Au programme
Les données sur lesquelles se fondent ce chapitre et le suivant concernent l’époque présoviétique – fin du XIXe, début du XXe siècle –, où l’état de société peut être dit « traditionnel » car encore peu affecté par la colonisation russe qui est pourtant à l’origine de la plupart de ces données.
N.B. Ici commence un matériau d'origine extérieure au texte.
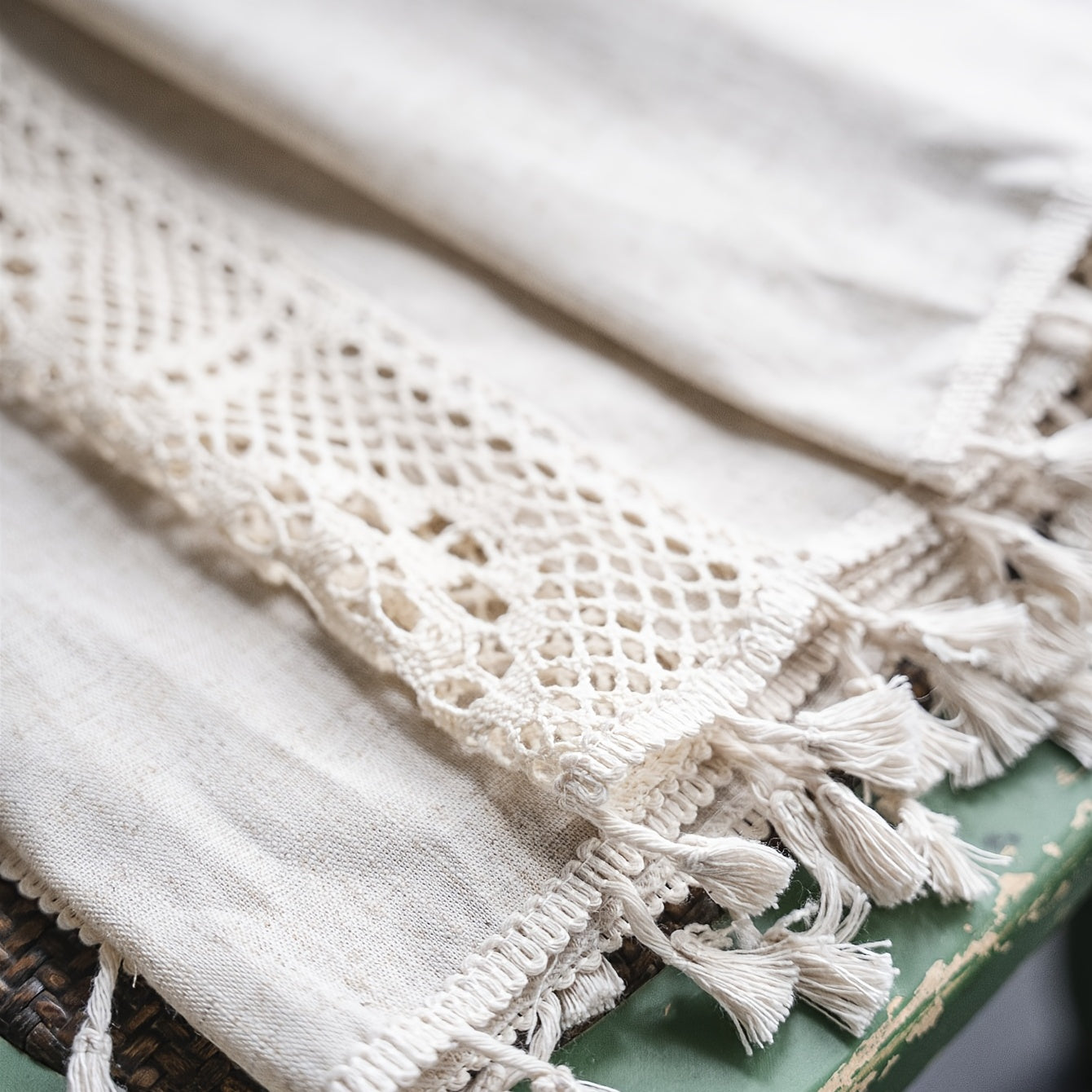 Бохо льняная штора с пэчворком и полутёмным эффектом для гостиной, спальни, кухни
Celles-ci concernent les peuples toungouses ainsi que deux de leurs voisins, dont les langues appartiennent à la même famille que la leur.
Trois peuples de la famille altaïque
La famille linguistique altaïque comporte trois branches représentées en Sibérie orientale : toungouse-mandchoue, mongole (peuple bouriate) et turque (peuple iakoute).
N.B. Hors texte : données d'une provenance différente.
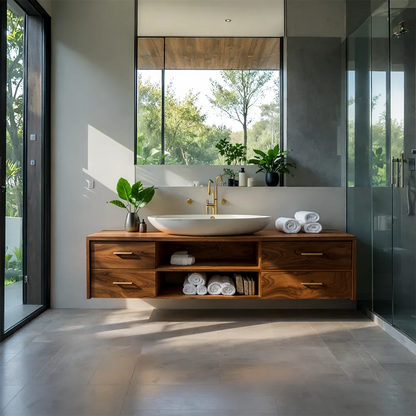 Minimalist Floating Natural Solid Wood Bathroom Vanity With Open Shelf Storage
Alors que les Toungouses vivent dispersés quasiment d’un bout à l’autre de la taïga qui couvre une large partie de cet immense territoire, les Iakoutes vivent rassemblés dans des zones de taïga et de toundra au nord, et les Bouriates dans des zones de taïga et de steppe au sud. Les Toungouses sont majoritairement chasseurs, mais ont aussi des rennes domestiques. Pour les Iakoutes et les Bouriates, la chasse n’est plus qu’une activité secondaire, la principale étant l’élevage des chevaux et des bovins. Mais ils sont dans l’ensemble restés « chasseurs dans l’âme », et ceux d’entre eux qui n’ont pas développé l’élevage ressemblent moins à leurs parents majoritairement éleveurs qu’aux Toungouses majoritairement chasseurs.
Au fil des sources s’installe l’idée que la vie de chasse dans la taïga « uniformise » la culture des peuples qui y vivent, marqués par une faible démographie, une organisation sociale égalitaire et l’absence de pouvoir central. C’est seulement dans ce type de société que le chamanisme constitue un système religieux à part entière, opérant au niveau global de la communauté tout en imprégnant la vie quotidienne de ses membres.
Représentative de la vie de chasse en général, la vie dans la taïga se caractérise en outre par l’immensité de l’espace, très peu peuplé, et par la nature du gibier comestible. Le « gibier par excellence » est constitué des grands cervidés (élan et renne) et des gallinacés (tétras).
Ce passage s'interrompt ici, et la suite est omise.